The shuttle area was cold and empty. Wilson set down the bag he was carrying and began to dig through it. “Dani,” he said, and then looked up after he got no response. “Dani!” he said, more forcefully. She glanced over to him, a lost look in her eyes. “I need you to take off your clothes,” he said.

This snapped her out of her shock. “Excuse me?” she said.

Wilson smiled; his inappropriate remark had gotten the response he’d hoped for. “I need you to take off your clothes because I need you to get into this,” he said, holding up the CDF combat unitard.

“Why?” Lowen said, and a second later her eyes widened. “No,” she began.

“Yes,” Wilson said, forcefully. “The station is under attack, Dani.
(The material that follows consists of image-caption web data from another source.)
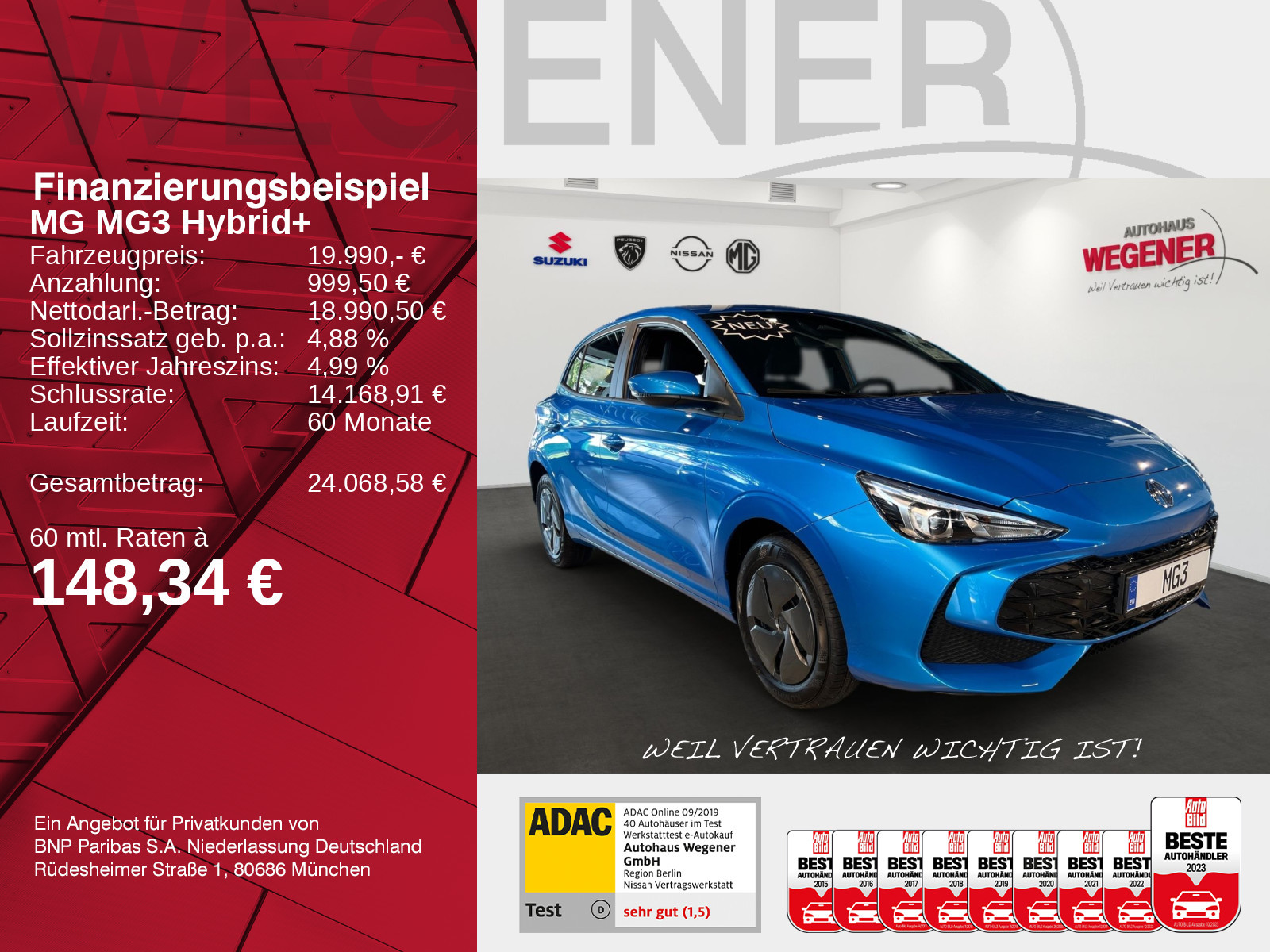 MG MG3 Hybrid+ Standard /Kamera/Carplay/Nav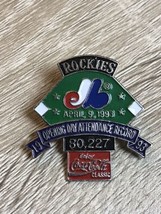 1993 Rockies vs Expos Opening Day Attendance Record Coca-cola Baseball P... - $4.99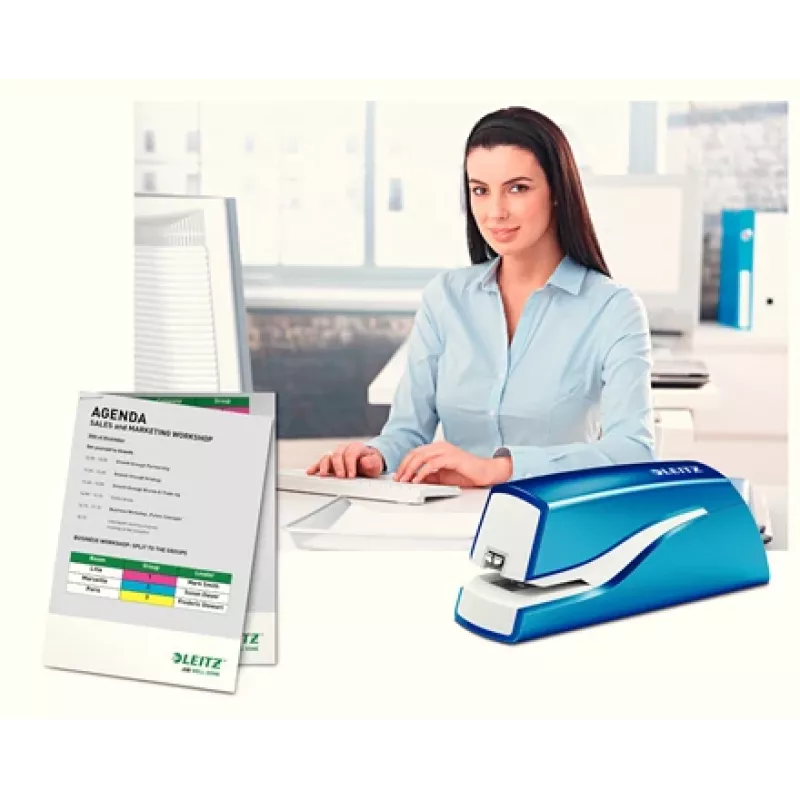 Leitz NeXXt Agrafador a pilhas WOW 5566, 10 folhas, 1 cm, plástico, azul, branco, pilha, 50 mm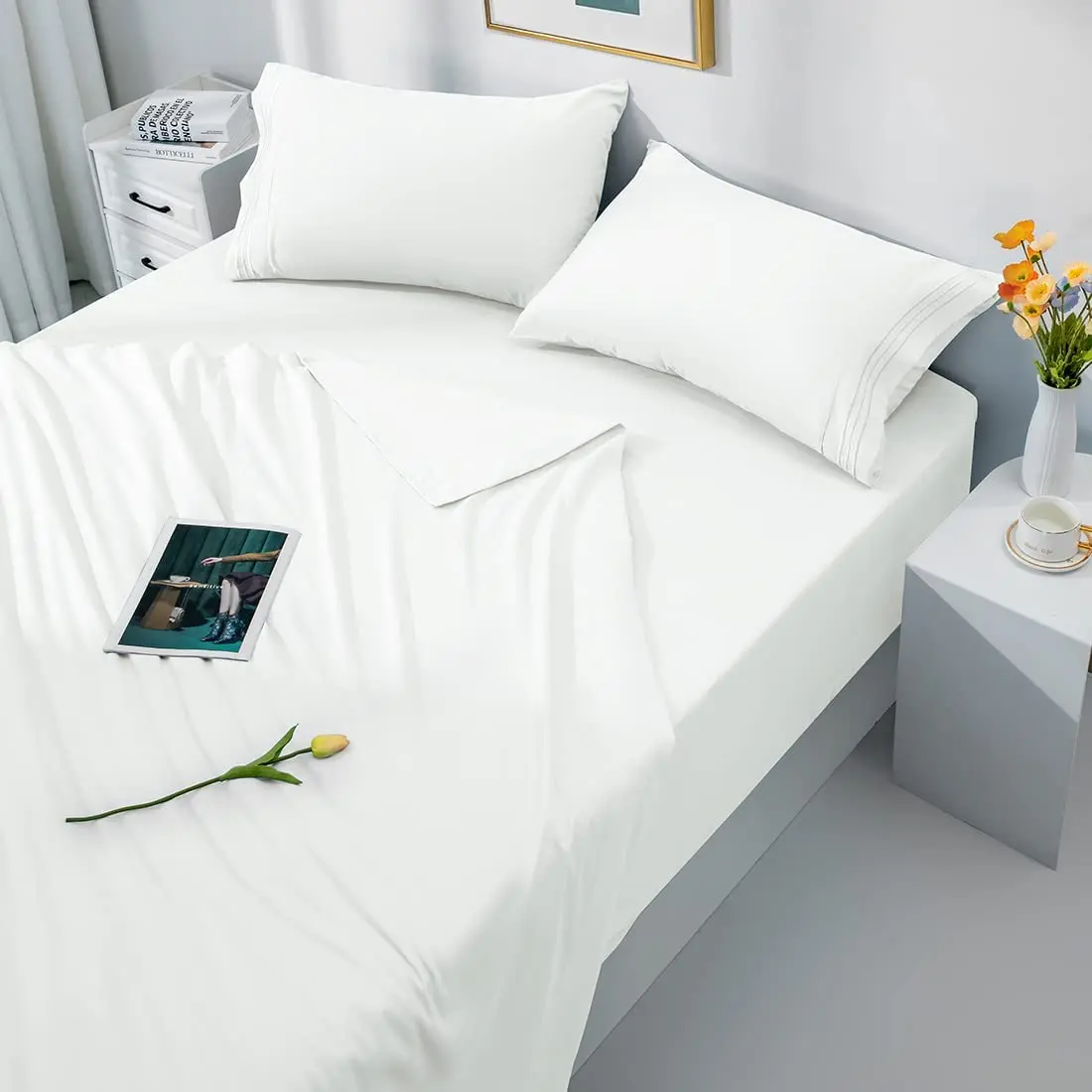 Простыня Натяжная однотонная из 100% хлопка готовая к отправке со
We’re sealed off. Whoever’s doing this has the ability to peel the skin off this station like an orange. We missed our ride. If we’re getting off this thing, there’s only one way to do it. We’re jumping off.”

“I don’t know how,” Lowen said.

“You don’t have to know how, because I do,” Wilson said, and held up the unitard. “All you have to do is get into this. And hurry, because I don’t think we have a whole lot of time.”

Lowen nodded, took the unitard and started unbuttoning her blouse. Wilson turned away.

“Harry,” Lowen said.

Wilson turned his head back slightly. “Yeah?”